5 Arena strategis dan politis pemanfaatan Internet oleh CSO di Indonesia – dan dampaknya Kata ‘strategis’ adalah satu diantara yang terbanyak yang diujarkan dan dipercakapkan baik dalam wawancara maupun lokakarya pengambilan data studi ini (laporan lokakarya penelitian ini secara khusus telah dipublikasikan dalam Nugroho 2008a). Karena itu, penting untuk memahami makna kata ini dalam konteks CSO di Indonesia. Dari analisis data wawancara, penggunaan Internet dipandang strategis ketika ia menyangkut beberapa karakteristik yang berhubungan dengan (i) sifat (properties) dari teknologi yang digunakan; (ii) orientasi aksi yang menggunakan teknologi tersebut; (iii) isu yang dihadapi oleh aksi tersebut; dan (iii) aktor yang melakukan dan dipengaruhi oleh aksi tersebut. Dengan demikian, penggunaan Internet secara strategis bisa didefinisikan sebagai “pemanfaatan sifat tertentu dari Internet secara khusus untuk menggalang aksi dalam menghadapi isu tertentu guna mencapai tujuan yang bermakna tidak hanya bagi aktor yang melakukannya tetapi pihak-pihak lain yang juga merasakan akibatnya” Dari investigasi lapangan, khususnya melalui lokakarya dan interview, ada lima area dimana Internet bisa –dan secara terbatas sudah—dimanfaatkan dan digunakan secara strategis dan politis untuk mencapai tujuan CSO: (1) kolaborasi, (2) mobilisasi, (3) pemberdayaan dan pembangunan, (4) riset dan publikasi, dan (5) advokasi dan monitoring. • • • • •

Kolaborasi: Internet menyediakan platform bagi kolaborasi yang lebih luas tidak hanya di dalam tetapi juga antar organisasi.

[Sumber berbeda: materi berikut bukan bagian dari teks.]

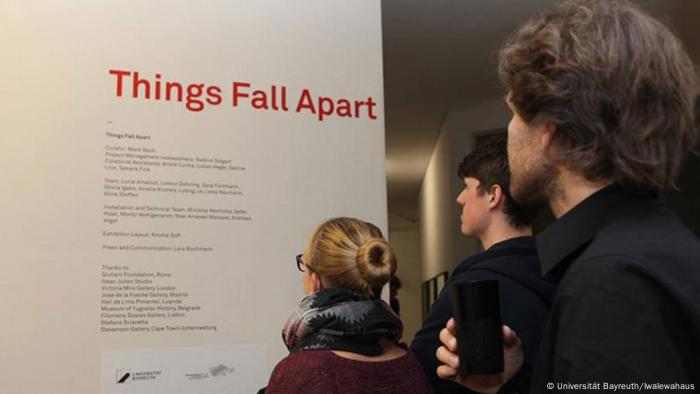 Deutschland Ausstellung Things Fall Apart im Bayreuther Iwalewahaus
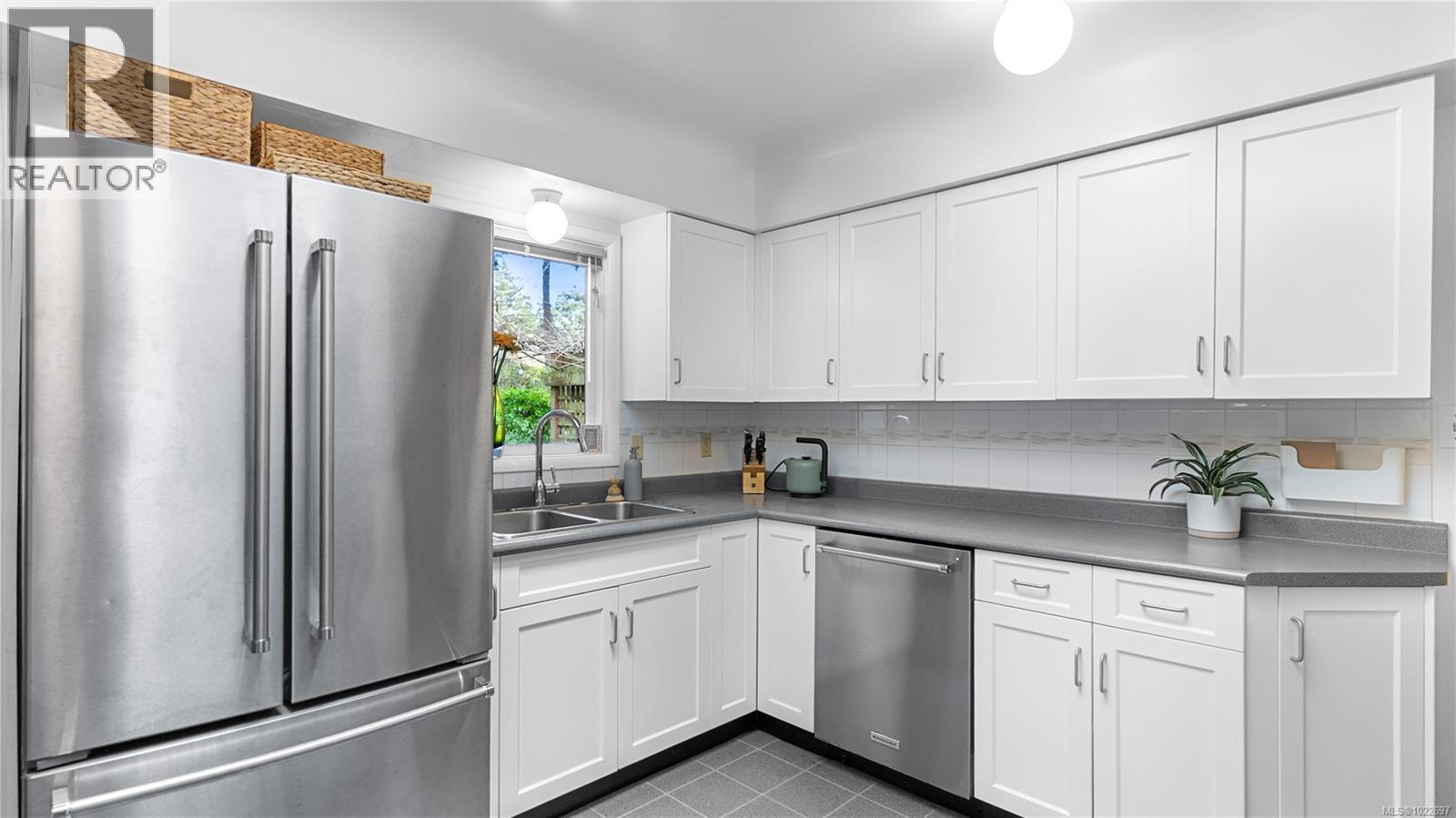 2792 Tudor Ave, Saanich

Di antara kolaborasi strategis yang dilakukan CSO Indonesia adalah jejaring (networking) dan koalisi. Mobilisasi: Walau tak bisa menggantikan mobilisasi (fisiki), Internet menjadi sarana ekfektif untuk membantu pengorganisasian mobilisasi. Termasuk di dalamnya adalah kampanye, dan calls for action yang bisa difasilitasi secara efektif melalui aplikasi sederhana seperti email dan mailing list. Pemberdayaan dan pembangunan: Internet membantu menyediakan opini dan informasi alternatif yang menjadi dimensi penting pemberdayaan. Internet juga membantu menyebarluaskan kesadaran dan mengunang partisipasi konkrit dalam berbagai program dan agenda pembangunan dan perbaikan tingkat kehidupan. Riset dan publikasi: Internet membawa dimensi baru bagi CSO dalam hal pengumpulan dan pencarian data dan informasi sebagai input riset (informasi masuk), dan bagi diseminasi publikasi sebagai output riset (information keluar). Advokasi dan monitoring: Internet secara efektif membantu membentuk opini publik yang menjadi faktor penting dalam keberhasilan kerja-kerja advokasi seperti demonstrasi, protes, atau lobby. Sejalan dengan makin tersedianya informasi yang transparan di Internet, teknologi ini menjadi sarana untuk memudahkan kerja-kerja watchdog di bidang-bidang tertentu (misalnya malpraktik bisnis, korupsi, perilaku publik, dll).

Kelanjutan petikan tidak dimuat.